Maria Sharapova, the Russian five-time grand slam champion who became one of the highest-paid sportswomen in the world, has announced the end of her glittering and at times controversial career.

Maria Sharapova won five grand slam and 36 WTA titles over a career that was jump-started when she won Wimbledon at 17 years old
She became the first Russian woman to be world number one in 2005, and won all four grand slam titles through her career
The later years of Sharapova’s career were interrupted by injury and a 15-month suspension for taking the banned drug meldonium
Siberia-born Sharapova, 32, whose Wimbledon victory over Serena Williams in 2004, aged 17, propelled her to superstardom and riches, broke the news in an article for Vanity Fair.

“I’m new to this, so please forgive me. Tennis — I’m saying goodbye,” Sharapova, whose rags to riches story captivated the sporting world but turned sour when she was banned for doping, wrote in a farewell article.

Her decision to quit is hardly a major surprise as she has not been anywhere near her best since returning in 2017 from the 15-month ban for taking prohibited heart drug meldonium at the 2016 Australian Open.

The former world number one has played only two matches this year, losing in the first round of the Australian Open, with her ranking sliding to 373.

Maria Sharapova closes her eyes and looks tired on court at the Australian Open.
Maria Sharapova struggled to recapture her form after her doping ban.
“Looking back now, I realise that tennis has been my mountain.
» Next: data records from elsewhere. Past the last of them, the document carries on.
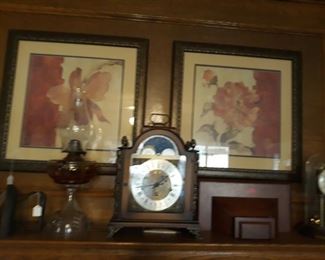 Hamilton Moonphase Mantel clock with wall shelf, hurricane kerosene lamp, antique copper kettle, and art.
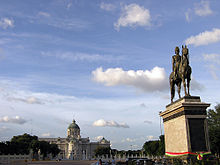 Une grande place avec une statue en bronze d'un homme sur un cheval dans le centre; au-del?? de la place est un grand b??timent de deux ??tages avec un toit en forme de d??me, fen??tres cintr??es et des colonnes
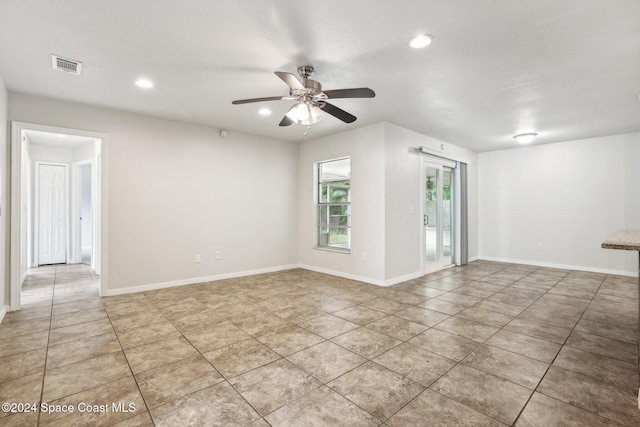 empty room featuring ceiling fan, light tile patterned floors, recessed lighting, and baseboards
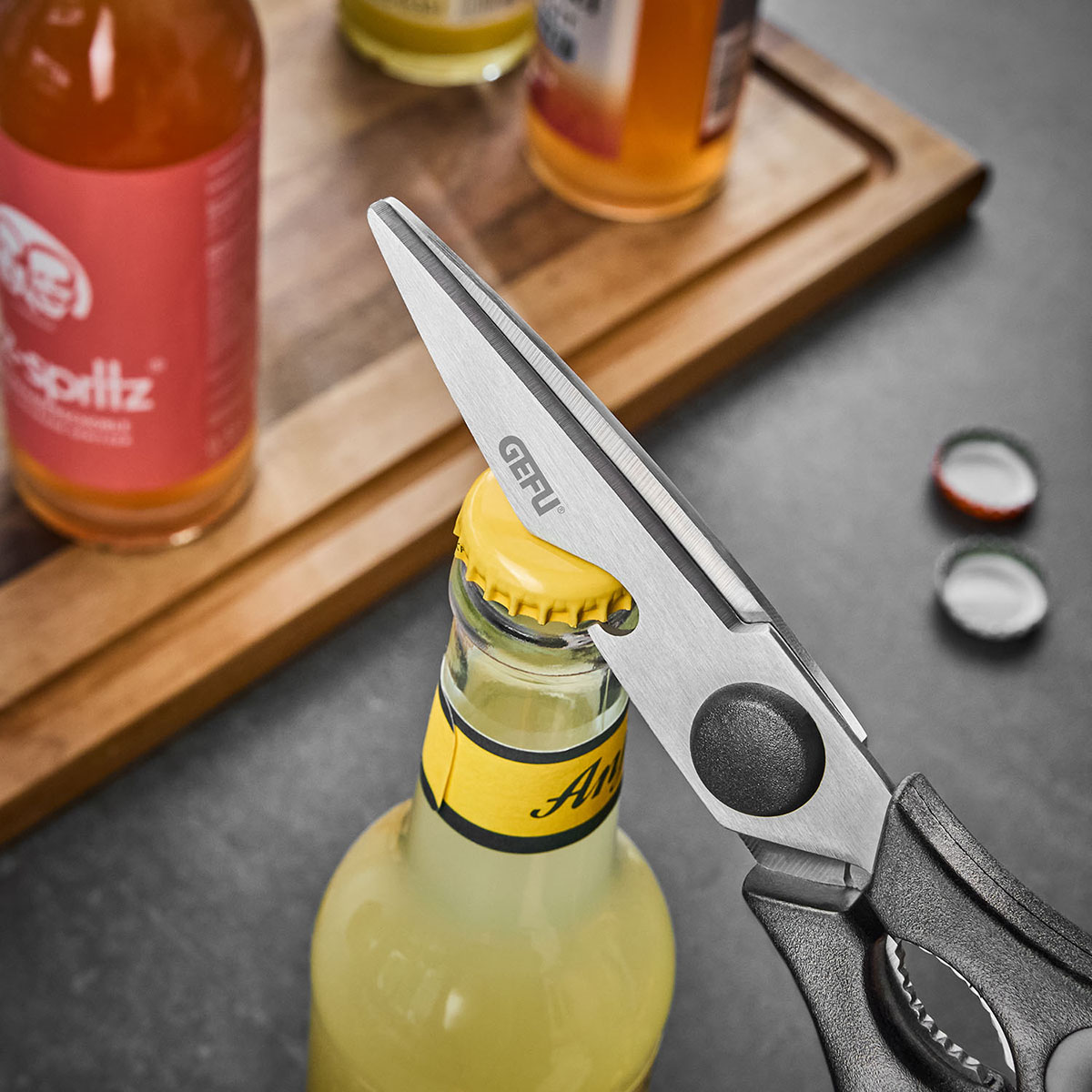 Eine ine Schere öffnet den Kronkorken einer Flasche, im Hintergrund weitere Getränke.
My path has been filled with valleys and detours, but the views from its peak were incredible,” she said.

“After 28 years and five grand slam titles, though, I’m ready to scale another mountain, to compete on a different type of terrain.”

Sharapova, whose trademarks were her ferocious intensity and pounding groundstrokes, completed her career Grand Slam when she won the French Open in 2012. She also won at Roland Garros again in 2014, her last major title.

She became the first Russian woman to reach number one in the rankings in 2005 and claimed the US Open title in 2006. She also won the Australian Open in 2008.
“It’s a shame, of course, because Maria was a role model for everyone,” Shamil Tarpischev, president of Russia’s Tennis Federation, said.

“Many girls compared themselves to her. She was number one for the popularisation of Russian tennis. Her image was huge.”

WTA Tour chairman Steve Simon added: “She will be greatly missed by her millions of fans around the world.”

Injury and controversy slow Sharapova
Sharapova, who grew up in Sochi, was spotted playing at a tennis camp in Moscow by former great Martina Navratilova and moved with father Yuri to Florida with little money and no English, claimed 36 WTA titles.

But injuries, especially to her shoulder, blighted her career.
Maria Sharapova with the 2004 Wimbledon trophy alongside Serena Williams
Sharapova’s breakout win came at Wimbledon in 2004 at just 17 years old.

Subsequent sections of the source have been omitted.